Peabody wants to decide this summer where to build the plant, and Kentucky would need to pass financial incentives to stay in the running, according to a letter from Rick Bowen, Peabody's president of generation and Btu conversion.

"Without the financial development incentives similar to those of neighboring states, Peabody would be unable to consider locating this initial project in Kentucky," Bowen wrote in his May 31 letter to Fletcher.

"Although it would be premature for us to commit to locating this facility in Kentucky, if the commonwealth were to offer these financial incentives, it is unlikely that we could convince our investors to site this project in Kentucky without them."

Fletcher, who is seeking re-election in November, has said he's considering calling lawmakers into a special session later this summer to deal with an energy bill and possibly other matters.

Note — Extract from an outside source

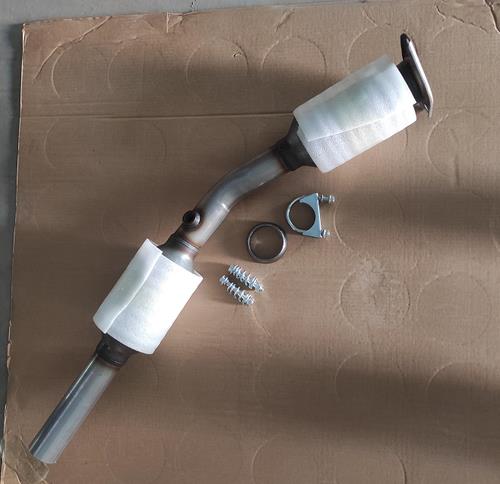 Catalytic Converter w/O2 Sensor For 2009 10-2013 Toyota Corolla 1.8L Direct Fit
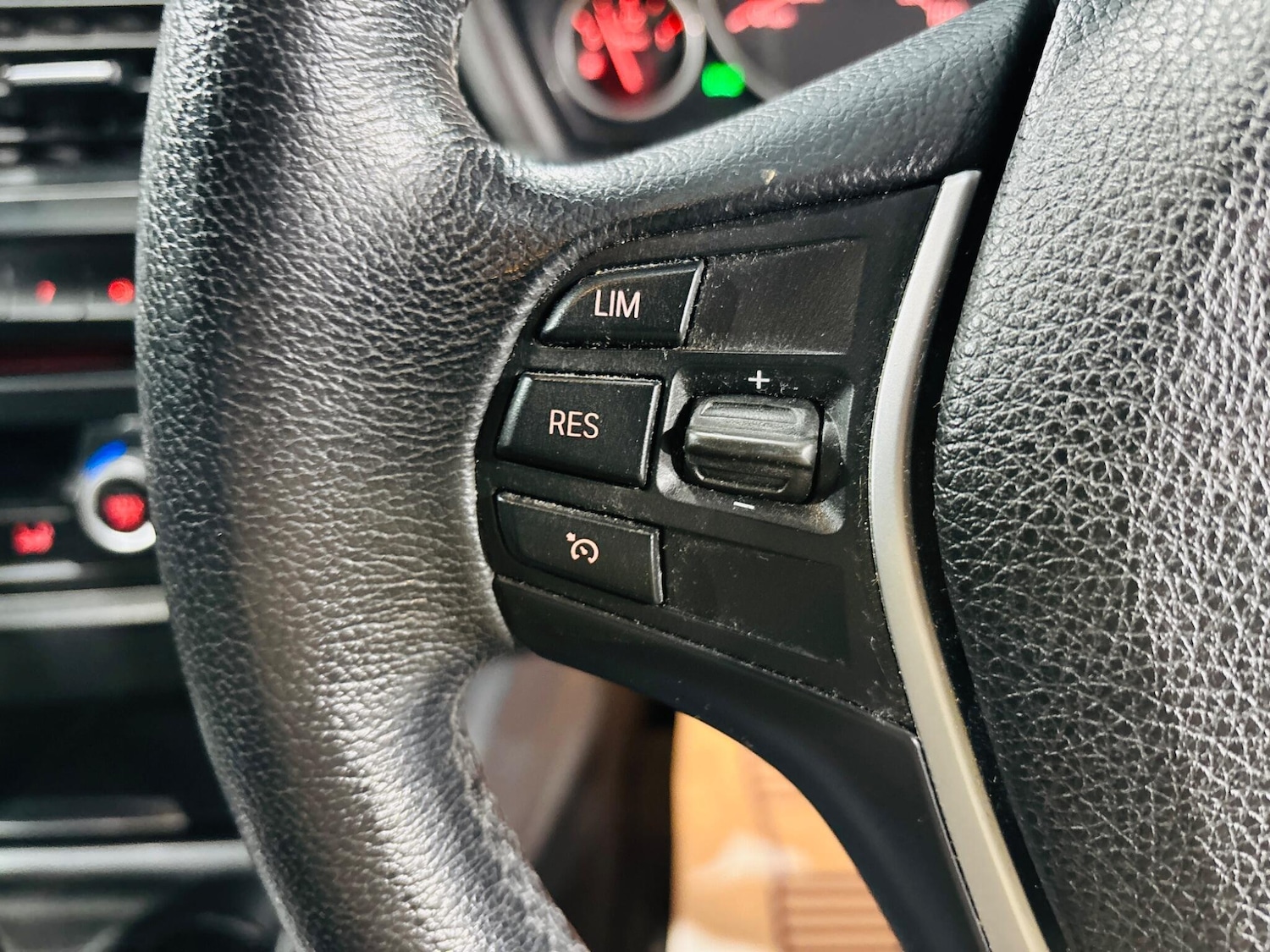 Used BMW 3 Series 2014 for sale - 76246851: Photo 20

Legislative leaders in the House and Senate, however, have not agreed on whether such a session would be necessary now or whether the proposed legislation could wait until early next year when the legislature is scheduled to reconvene.

Peabody is currently considering putting one of the high-tech plants, which could produce up to 200 million cubic feet of synthetic natural gas per day, in either Illinois, Indiana or Kentucky, Peabody spokesman Vic Svec said. The company is also considering a separate facility out west, possibly in Arizona, Wyoming or Montana, Svec said.

"We are in the early stages of evaluating a facility coal-to-gas as well as coal-to-liquid in the midwest," Svec said.